I got Half Life 2 for Christmas. It arrived this afternoon. So far today I’ve spent about 2 hours playing it, and so far I’ve gotten to two “exposition points” where you meet somebody friendly and you think they are going to explain everything to you, but really all they do is say “You’ve got to get to so-and-so’s lab, RUN LIKE HELL”. I’ve met a lot of those ghoulish looking “Civil Protection” guys, and those flying buzz saws, and just a minute ago I got cut to ribbons by a helicopter gunship of some sort. I’ve got my crow bar, a pistol and a submachine gun. Ammo for the SMG is darn scarce, which is annoying. Back in HL1, it seemed you used the MP5 all the time – I find myself having to be more careful about this SMG.

Technically the graphics are stunning, the AI looks way better, and so far I’ve seen some very cool things. One of the interesting things was the way the NPCs would keep turning their head towards you as you walked around them when they were talking.

Of course, all this technical sophistication comes with a cost. The original came on one CD, this one comes on 5. I played the original on a 300MHz Celeron 300A overclocked to 450MHz and a 16Mb TNT graphics card. This one is a Athlon XP2400+ processor and an 128Mb ATI graphics card, and I get the impression I’m barely keeping up. The hideously slow loads as you move from one area to the next are still there, and they seem longer. One of the strangest things is that some mobile objects fade away as you walk half-way across a room away from them. The smaller the object, the sooner they fade away. One thing that was a little annoying to me was the lack of an Obstacle Course or Boot Camp to get used to the movement controls. Instead, as you progress you get little prompts the first time you are likely to need something, like “Use Z to zoom”, in a box on the screen. (Speaking of which, I wish I could shoot when I’m zooming.)

I’m only playing at medium level this time, which is just as well – I keep getting my ass nearly shot off, and then finding a big cache of health/ammo/armour. As a matter of fact, just before I quit, I found one that got me from about 17 health and no armour up to 100 health and 30 armour. Laura remarked “You know you’re being prepped to hit something really nasty”, and she’s right. So I hit save and decided to call it a night.

I can tell that this game is going to be fun. I don’t know if it’s going to be as much fun as the original, but it’s looking good so far.

Blast from the Past

One of my former cow-orkers at GeoVision just sent me this picture from one of our pick-up hockey games:

GeoHockey, as we called it, was a blast. I was terrible at it, but it got me a chance to get some exercise. The best part, though, was getting an ice-level view of some really good hockey players. There was one guy, Chris Fanjoy, who played in a couple of leagues, and because he played 4 or 5 times a week his equipment never dried out – you could smell him coming sometimes. There was another guy, dammit I forget his name, who just about danced on his skates – I remember just standing there in awe at what a fluid and natural skater he was. There were several other really good players, and watching them make plays gave you a sense of the game that I never got from watching it on TV.

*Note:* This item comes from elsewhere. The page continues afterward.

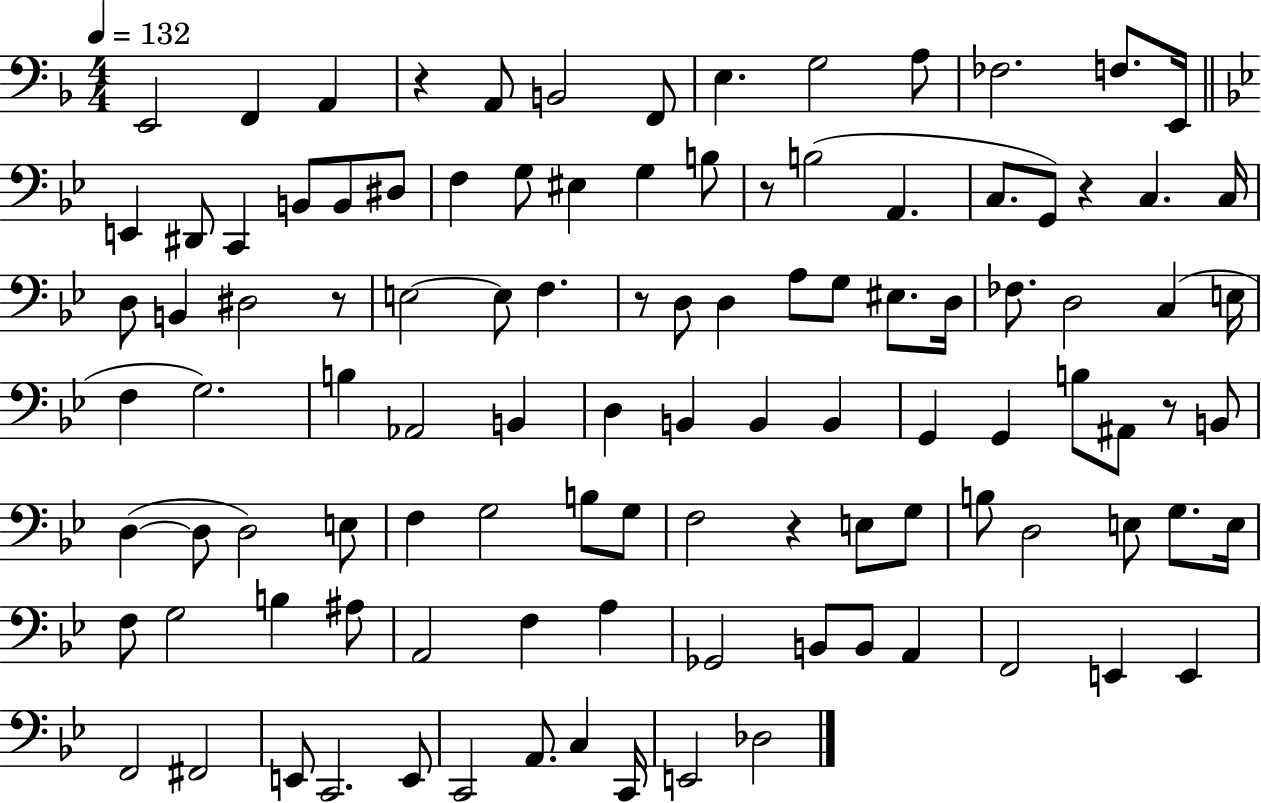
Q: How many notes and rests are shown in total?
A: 107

There was another guy who I was always glad to see, because with him there I wasn’t the worst skater on the ice. He never changed his clothes – he skated in the same black jeans that he’d go to work in.

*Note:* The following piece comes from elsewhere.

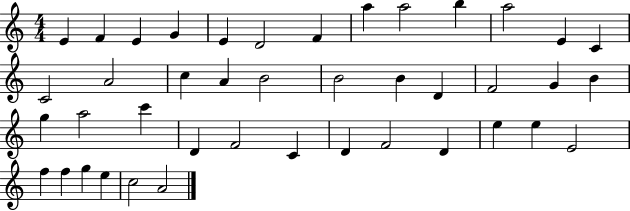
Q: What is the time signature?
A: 4/4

And there was a guy or two I was always sorry to see – they were good players, but they cared too much about scoring, and not enough about having fun. One of them would cuss me out for not having enough equipment after he’d broken the rules and raise the puck or after I’d limp off after he body checked me to the ground. We didn’t allow body checking or raising because this was supposed to be a fun thing, and some people didn’t have full equipment (namely cups).

We usually didn’t have goalies either – we just turned the nets around backwards and you had to bounce the puck off the back boards into the net to score.

Normally it was so much fun that it was worth the knee pain afterward.